L’activité de l’Agent de Recherche Privée a pour objet de recueillir pour le compte de parties requérantes, personnes physiques ou morales, des informations, le plus souvent d’ordre confidentiel, à caractère public ou privé, ou de rechercher des éléments matériels de preuve ou de présomption en vue de la manifestation de la vérité, selon la réglementation en vigueur, dans la légalité et le respect des bonnes mœurs. Il a aussi un rôle de conseil et d’assistance, et il est répertorié dans le code d’activité 8030Z (activités d’enquête).

Il intervient selon les dispositions des articles 1984 à 2010 du CODE CIVIL, en ce qui concerne le mandat de pouvoir. Il doit obligatoirement être inscrit à la Préfecture du lieu d’exercice et avoir obtenu un agrément professionnel, ainsi qu’à l’URSSAF dont le justificatif d’immatriculation peut être demandé.

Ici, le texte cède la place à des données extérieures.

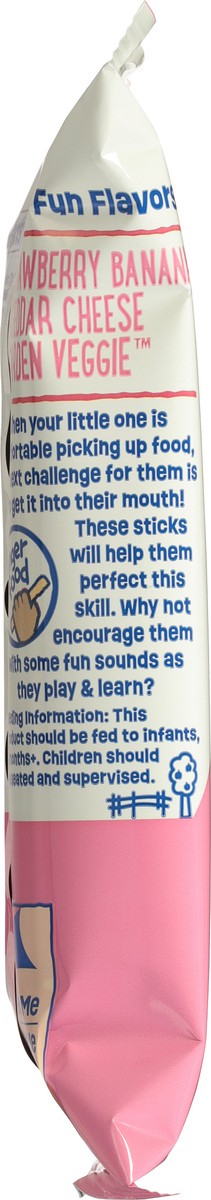 slide 5 of 9, Earth's Best Organic Crunchy Sticks Ages 6 m+ Strawberry Banana Teething Snack 0.56 oz, 0.56 oz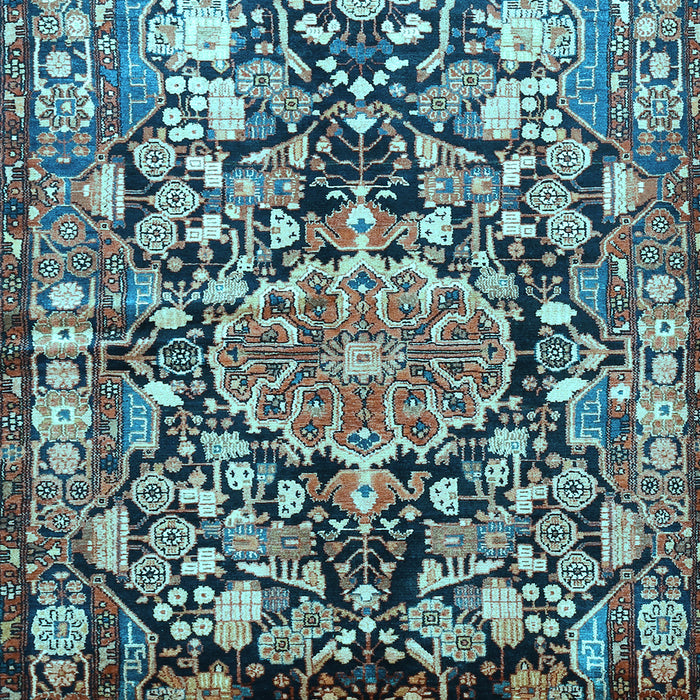 Machine Washable Animal Light Blue Traditional Rug, wshtr615lblu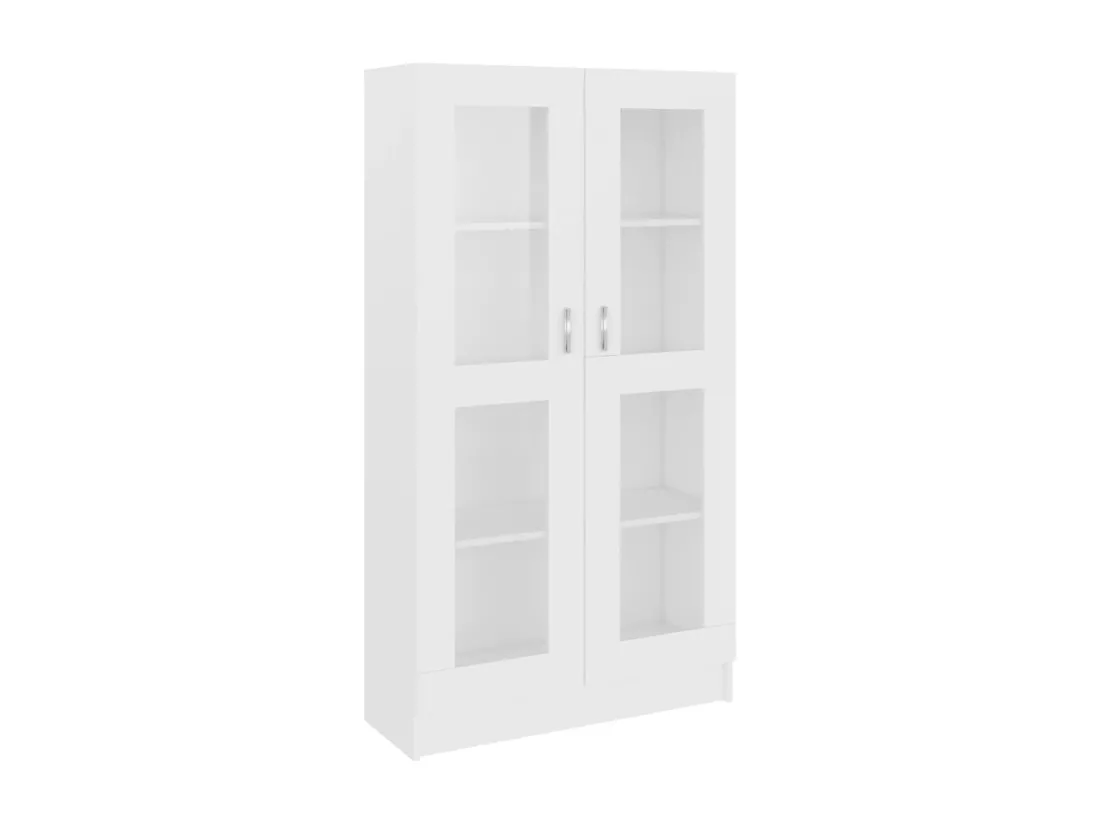 Armoire à vitrine Blanc 82,5x30,5x150 cm Bois d'ingénierie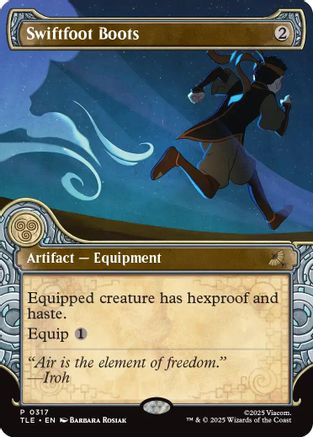 Image of Swiftfoot Boots (Showcase) (TLE-317) - Avatar: The Last Airbender: Eternal-Legal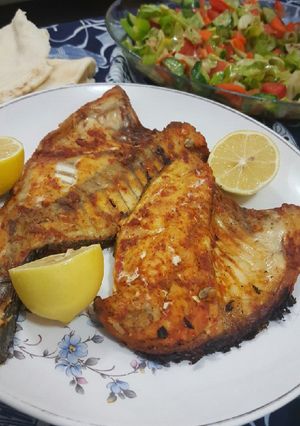 صورة لوصفة سمك بالفرن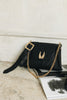 "WINGS" BLACK GOLD SHOULDER BAG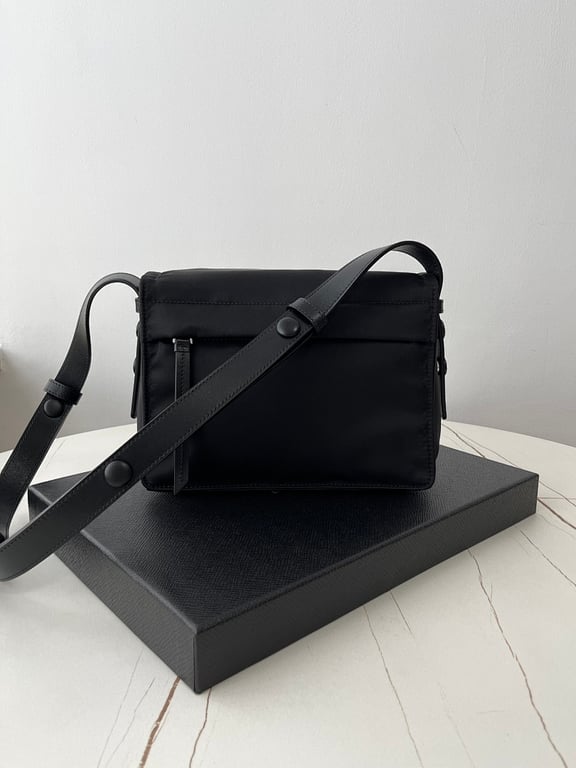 Prada Re-Nylon 1BD313 Messenger Bag Black - 8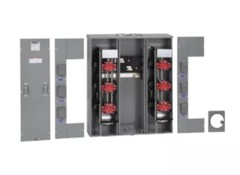 Square D MP66125 600 Amp w/6 Gang Position 125A Meter Pak OH/UG EUSERC MP66-125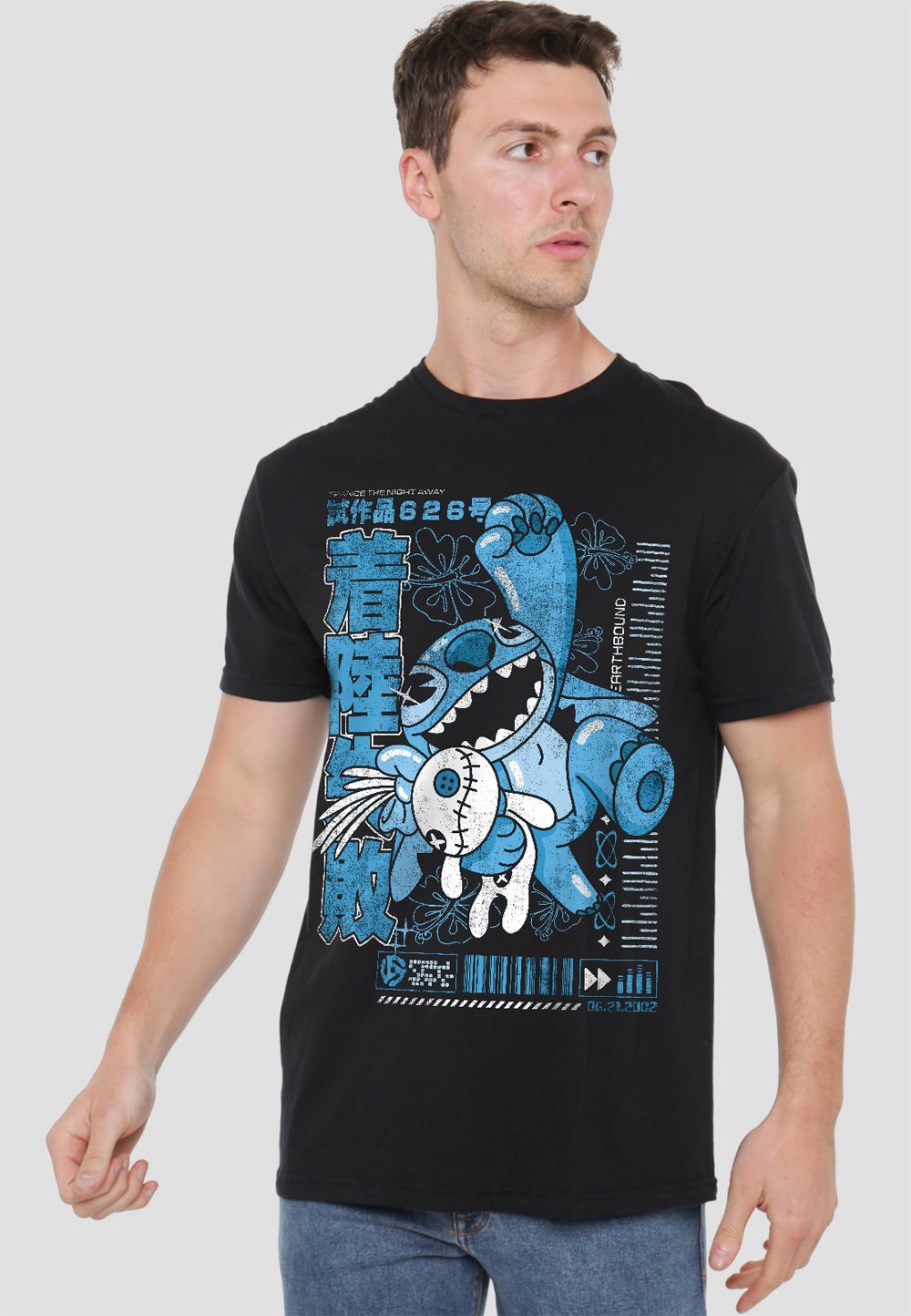 

Футболка с принтом LILO STITCH MANGA JUMP Disney, черный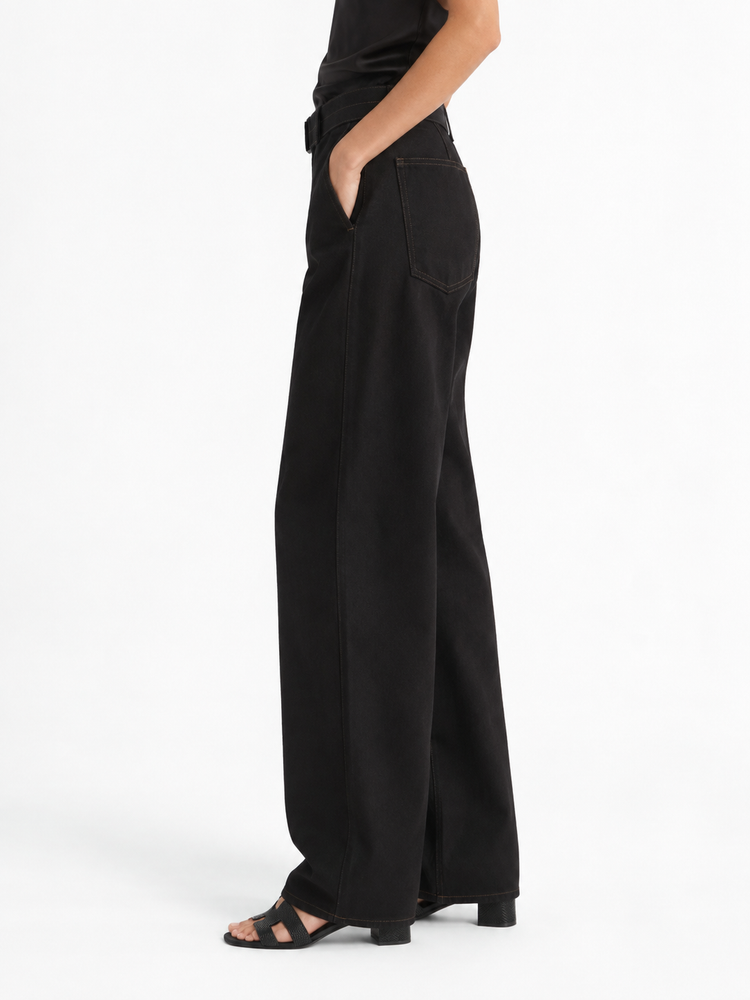 TWISTED BELTED PANTS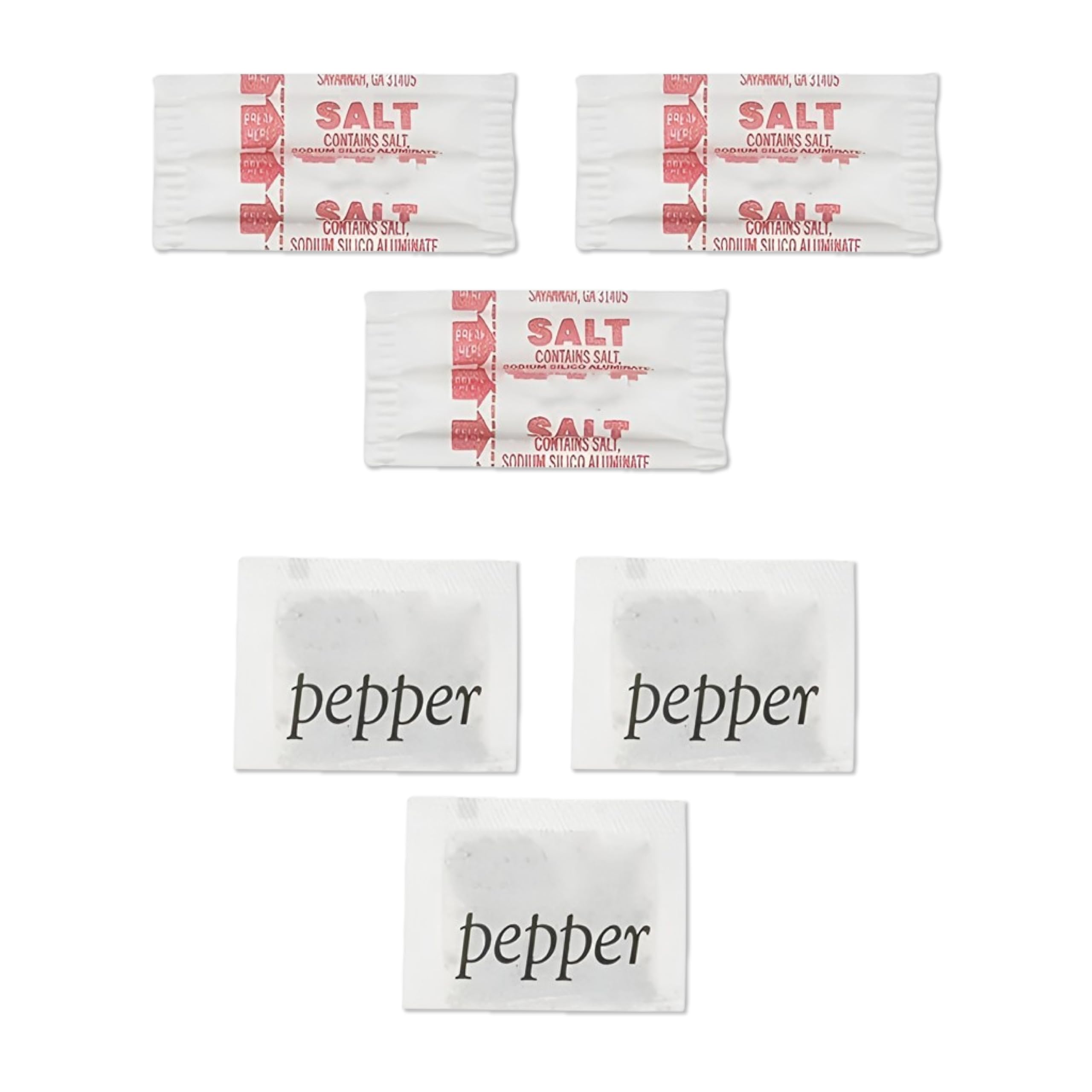 Perfect Stix salt packets, individually wrapped for sanitation and portion control.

Il faut rappeler que l’article 10 du CODE CIVIL précise que « chacun est tenu d’apporter son concours à la Justice en vue de la manifestation de la vérité » et que l’article 73 du CODE de PROCEDURE PENALE prévoit que « toute personne qui se trouve en présence d’un crime flagrant ou d’un flagrant délit, a le droit et le devoir d’en appréhender le ou les auteurs et de les conduire devant l’Officier de Police Judiciaire le plus proche, et ce par tous moyens ».

historique de l’enquête privée et du détective

Dans la mythologie grecque, HERMÈS (1) était considéré comme le Dieu des Voyageurs, des Marchands et des Voleurs…. Déjà à cette époque, certains achetaient sans payer et disparaissaient aussi rapidement qu’ils étaient arrivés…!

1. Les Romains, dont leurs propres divinités avaient souvent leur équivalent chez les Grecs, conclurent qu’il s’agissait du même Dieu, caché sous un nom différent, et adoptèrent les légendes Grecques déjà inventées à son sujet. C’est ce qu’on appelle le syncrétisme. C’est ainsi que les Romains connaissaient Hermès surtout comme Dieu des marchands : ils l’appelaient en effet Mercure, qui vient du mot «merx» = «marchandise». Ce nom de Mercure a donné notre « mercredi » = « jour de Mercure».

En 1825, un ancien Préfet de Police de PARIS devenu Conseiller d’Etat, Guy DELAVAU (1788-1874), fonda la première agence moderne de Police Privée.

François Eugène VIDOCQ (1775-1857), d’abord bagnard, puis agent secret sous les ordres de Etienne PASQUIER, Préfet de Police, et enfin « chef de la brigade particulière de Sûreté » de 1812 à 1832, remit sa démission au préfet GISQUET des fonctions officielles qu’il occupait et fonda à PARIS, au 12 rue de Cloche-Perce, son office dénommée  » BUREAU DES RENSEIGNEMENTS UNIVERSELS POUR LE COMMERCE ET L’INDUSTRIE », qui devint ensuite « L’INTERMEDIAIRE, BUREAU DE RENSEIGNEMENTS DANS L’INTERET DU COMMERCE ».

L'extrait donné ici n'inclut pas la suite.